Esercizio sospeso ©Gazzetta RegionaleRoma, quartiere Pigneto. Intorno alle 11.45 di questa mattina le forze dell’ordine hanno raggiunto in forze piazzale Prenestino – 4 macchine fra Polizia di Stato e Municipale e una stazione mobile dei Carabinieri – per provvedere alla chiusura del bar W&G. Il locale in questione, già attenzionato dalla polizia e chiuso due mesi fa per l’accoltellamento fra due tunisini avvenuto lo scorso 29 marzo, è stato nuovamente chiuso fino a data da destinarsi su disposizione del Questore di Roma, facendo capo all’art. 100 del T.U.L.P.S. (Testo Unico delle Leggi di Pubblica Sicurezza). 

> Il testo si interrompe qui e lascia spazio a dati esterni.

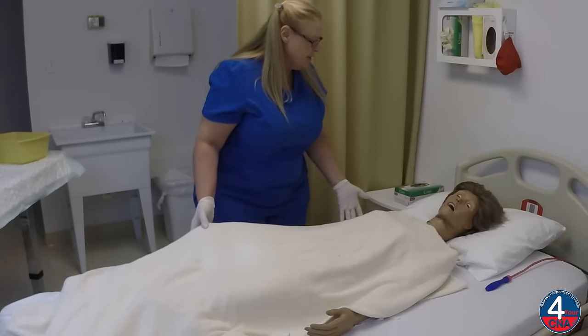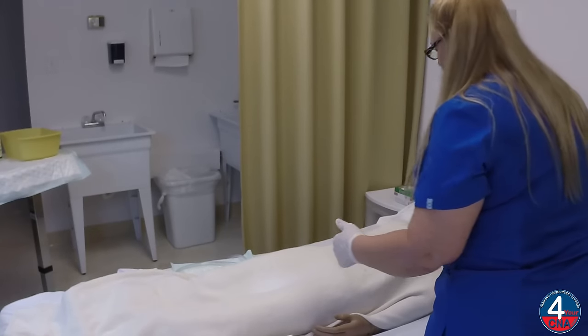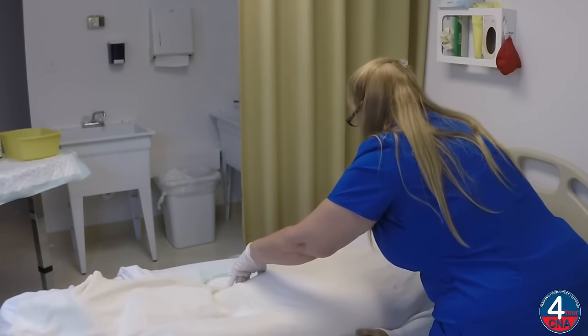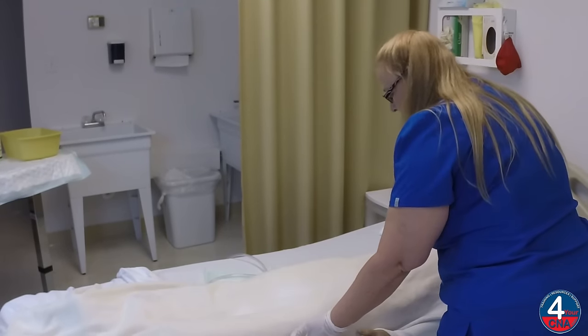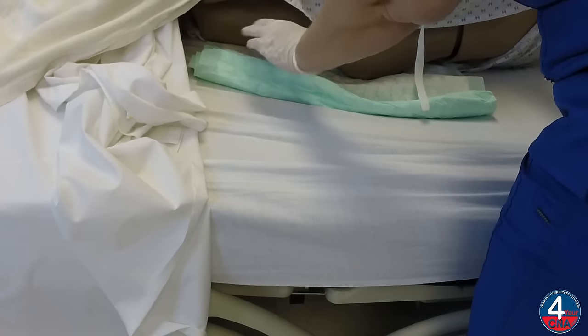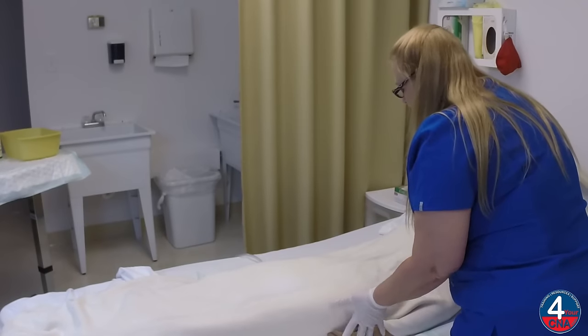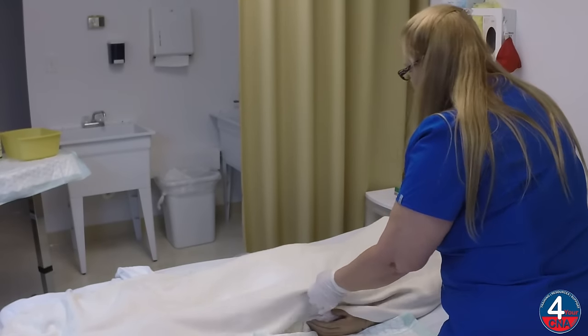Ms. Jones, can you scoot to the middle of the bed, please? Thank you. Ms. Jones, can you scoot toward me? Thank you, and roll up onto your right side. One, two, three. And now I can unroll the chucks to protect the bed. Come on back, Ms. Jones, and scoot to the middle of the bed. Thank you very much.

Secondo l’art. 100 infatti il Questore ha il potere di sospendere una licenza di pubblico esercizio nell’ipotesi in cui “siano avvenuti tumulti o gravi disordini, o che sia abituale ritrovo di persone pregiudicate o pericolose o che, comunque, costituisca un pericolo per l'ordine pubblico”. Amaro boccone da digerire per i gestori del bar: pur non essendo allo stato attuale sotto indagine, sono costretti a cedere alla misura cautelare. Una donna di nazionalità cinese, che manda avanti l’attività con la famiglia, ha avuto un forte contraccolpo ed è stata portata via d’urgenza dall’ambulanza in preda ad un esaurimento nervoso, fra le grida e lo sgomento dei passanti. 


Proprio oggi, dall’altra parte della città, il sindaco Ignazio Marino annuncia l’intenzione dell’amministrazione capitolina di ostacolare le dinamiche dello spaccio di droga sul territorio romano. A tal proposito infatti lancia la proposta di installare entro 30 giorni nuove telecamere di sorveglianza al Pigneto e a San Lorenzo a spese del Comune. "In questo momento il Comune vuole tolleranza zero rispetto allo spaccio che infesta i quartieri" ha spiegato poi il sindaco a margine del Comitato per l’ordine e la sicurezza chiuso stamani. Un’iniziativa che probabilmente farà discutere: in effetti è importante sottolineare che nel quartiere del Pigneto sono già presenti16 telecamere di sicurezza (oltre a una decina di proprietà delle attività commerciali), che finora hanno prodotto risultati a dir poco desolanti oltre all’esborso di circa mezzo milione d’euro per l’installazione. È del settembre scorso la notizia riportata daL’Aria che Tira (La7) in cui si ritrae una delle telecamere di sorveglianza completamente occultata dalle fronde di un albero: una situazione risolta circa una settimana dopo la denuncia, ma che quest’oggi si ripresenta in maniera identica gettando un’ombra sull’efficacia di queste misure di sicurezza.